Debt consolidation loans can save you money, but not always.
Sometimes people do a debt consolidation loan and it actually costs them more as they are charged fees and end up taking longer to pay off the debt; therefore end up paying more interest to the lender.
We know how easy it is to borrow money for cars, boats, the big screen television, some jewelry or a holiday.
While individually the repayments for these loans may seem quite reasonable, when you look at them they can be very expensive loans and this can stop you from doing other more important things like buying a first home.
Recently I managed to get an approval for a debt consolidation loan that will literally change this couples life.
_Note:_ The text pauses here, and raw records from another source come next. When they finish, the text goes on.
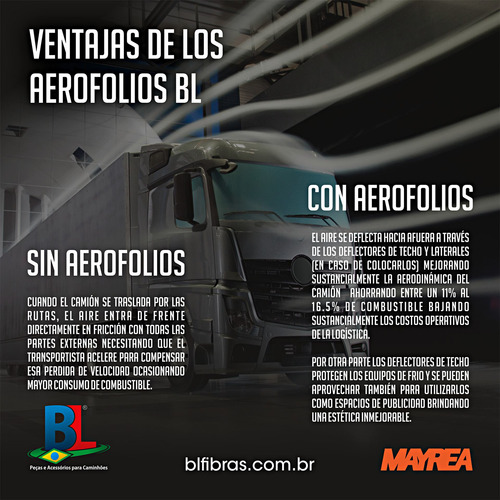 Deflector De Techo P/ Mb Atego C/simple 5 Partes Imp Plas In
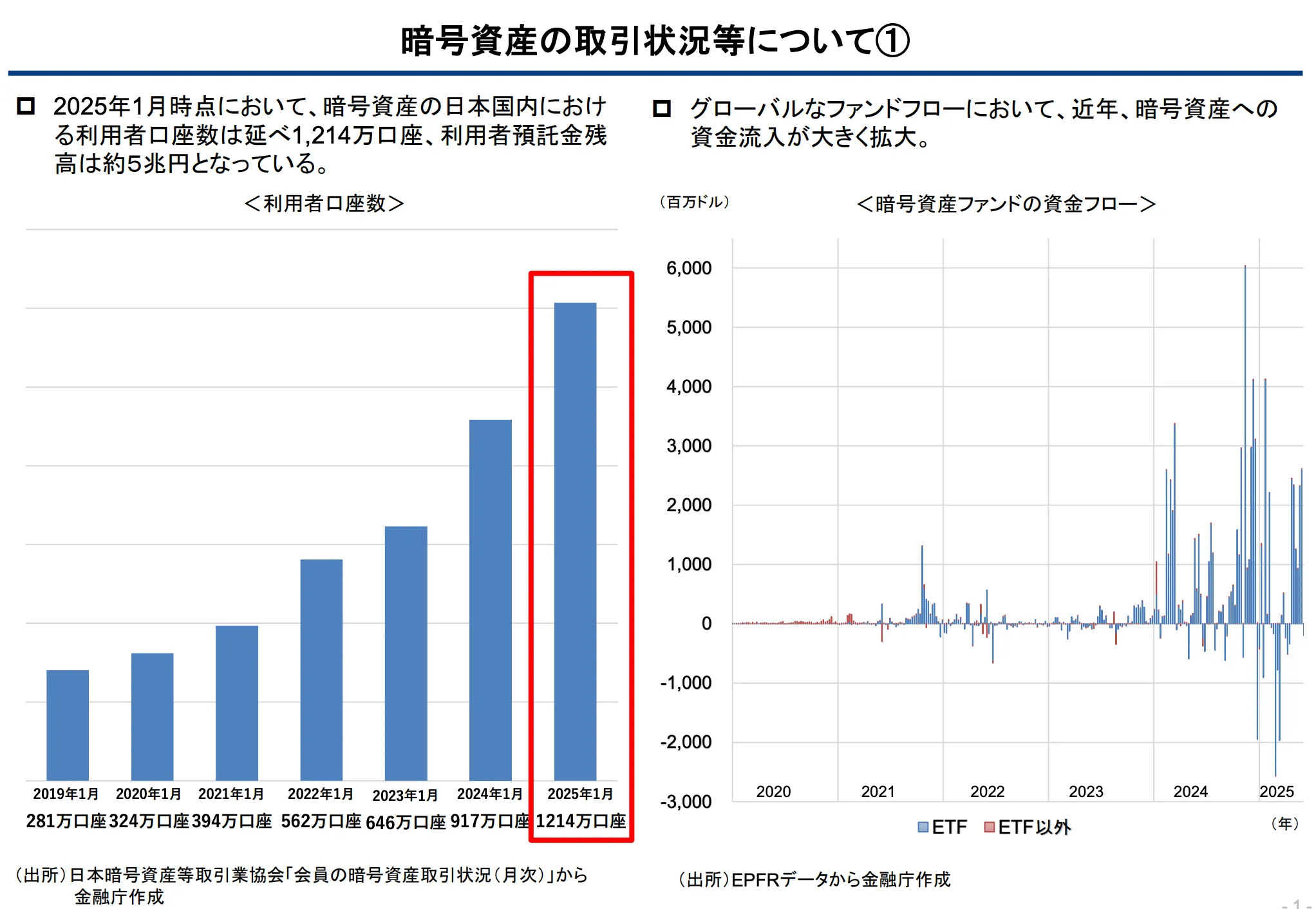 仮想通貨取引所 おすすめ に関する資料 金融庁 金融審議会総会 令和７年６月25日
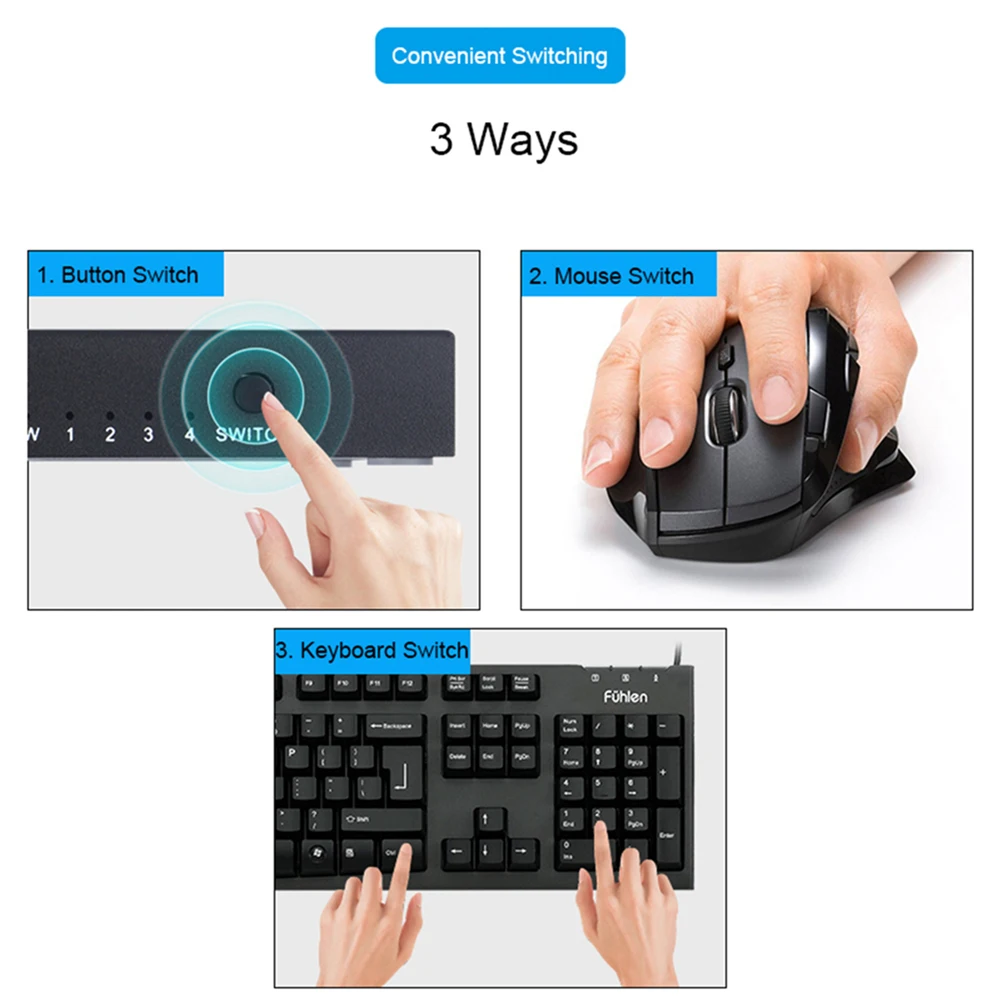 type c to usb 4 Port HDMI KVM Switcher Converter Computer Keyboard Mouse Monitor USB Sharer 5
They Wanted To Buy Their First Home
Like many young couples they have traveled a bit and recently got married so now its time to buy their first home.
But also like many young couples, they have good incomes and been in the habit of getting finance to pay for things so they had racked up quite a bit of debt.
The repayments on the loans totaled about $540 per week which was okay for this couple, until they wanted to buy their first home.
The bank looked at their incomes and then assessed what they could afford after paying these debt repayments of $540 per week and it worked out that according to the bank criteria they could not afford the mortgage for the home that they wanted.
After the bank said NO they were recommended to get in touch with a mortgage broker and they contacted me.
Too Much Debt Can Be A Problem
Before I approach a bank for finance I will assess any loan applications by applying the bank criteria to the applications to see if they will be approved or declined.
In this case we established that there were two reasons that the banks would decline this mortgage application;
Too many short-term debts – they had seven short-term debts which included four credit cards and three personal loans. Banks do not like applicants with multiple loans as this shows a bad habit of getting short-term debt and therefore have concerns that this habit may continue and the borrowers could face financial pressure and ultimately default on their loans.
Too high repayments – after a person receives their income, the loan repayments for short-term debt are deducted before the bank or other lender assesses the ability to meet the mortgage repayments. With credit cards and store cards most banks will assess the repayments as being 3% of the limit regardless of the actual loan balances. With this application the repayments were $540 per week and even with the couple having a joint income of $185,000 per year it did not allow enough surplus income to cover the mortgage that they needed.
We had to reduce the number of debts and also the repayments.
This is where having a mortgage broker with a range of debt consolidation loans to choose from is helpful.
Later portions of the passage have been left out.